Submitted via IRC for Bytram

Because Internet makes a linguist's case for l33t speak, other online-text fads

The Internet has done good things to the English language.

That's the most important thing linguist Gretchen McCulloch has to say in her book, Because Internet: Understanding the New Rules of Language. Though many prominent opinion-havers rage about the imminent death of the English language at the hands of emoji-wielding teenagers, the Internet has done no more harm to English than television, radio, or dime novels.

In fact, McCulloch makes a compelling argument that Internet language, and emoji in particular, is restoring life to the relatively emotionless medium of text. For hundreds of years, public writing was limited to formal contexts like newspapers and books, written by educated people using very formal language for the edification of other educated people. Even fiction draws a clear line between informal dialogue and formal narration. On the Internet, on the other hand, the lines are much less clear. Private, informal writing (like shopping lists or notes passed between students at the back of a classroom) is now publicly visible, and the conventions developed by individuals or small groups for writing informally can spread and interact on a global scale. To McCulloch, this is more exciting than it is scary, and reading Because Internet might convince you to feel the same.

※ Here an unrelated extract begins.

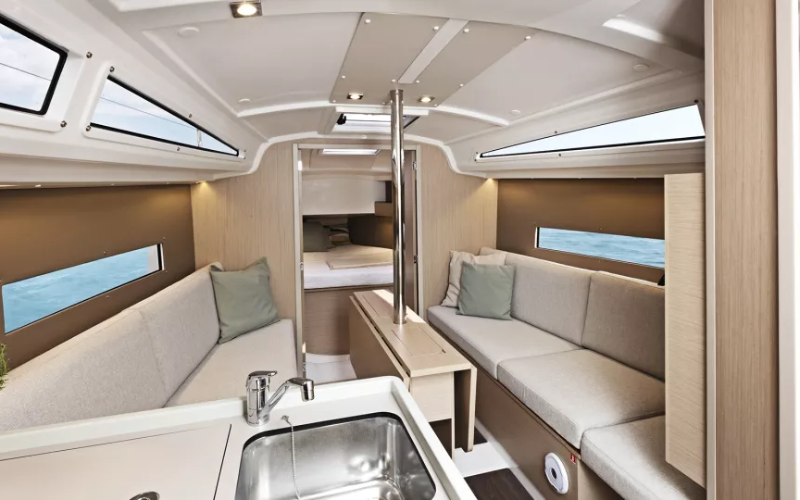 Photo #3 - OCEANIS 30.1 (MINUSCULE) in Tolone - 27124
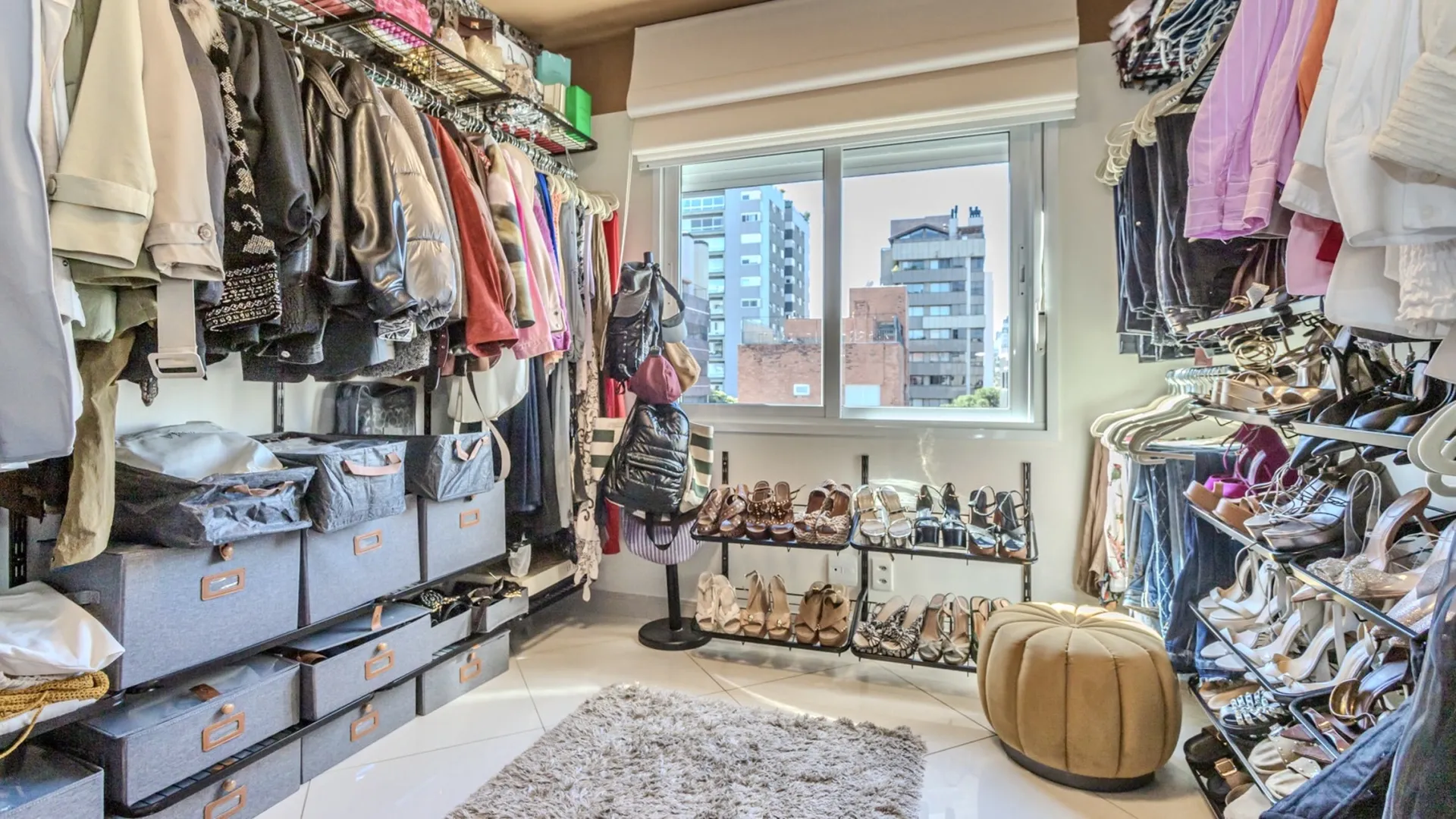 R$ 1.125.000 - MARAVILHOSO APARTAMENTO - 86M2 - 3 DORM - SU&Iacute;TE - 2 VAGAS - VISTA - INFRA Rua Mata Bacelar Porto Alegre -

[...] McCulloch is on a mission to make linguistics relatable—and, hear me out, she's on a roll in that respect. She does this not only through Because Internet, but also through Lingthusiasm, the podcast she co-hosts with fellow linguist Lauren Gawne. As its name suggests, Lingthusiasm shows off the hosts' enthusiasm about linguistics and calls on its listeners to get excited about a wide variety of linguistic topics, such as how vowels work, the ways people from different cultures talk about time, and why efforts to create a single world language never catch on. On Lingthusiasm, McCulloch and Gawne dispel myths about language and inspire the kind of excitement that turns curious students into scientists. And in Because Internet, McCulloch continues to demystify and delight.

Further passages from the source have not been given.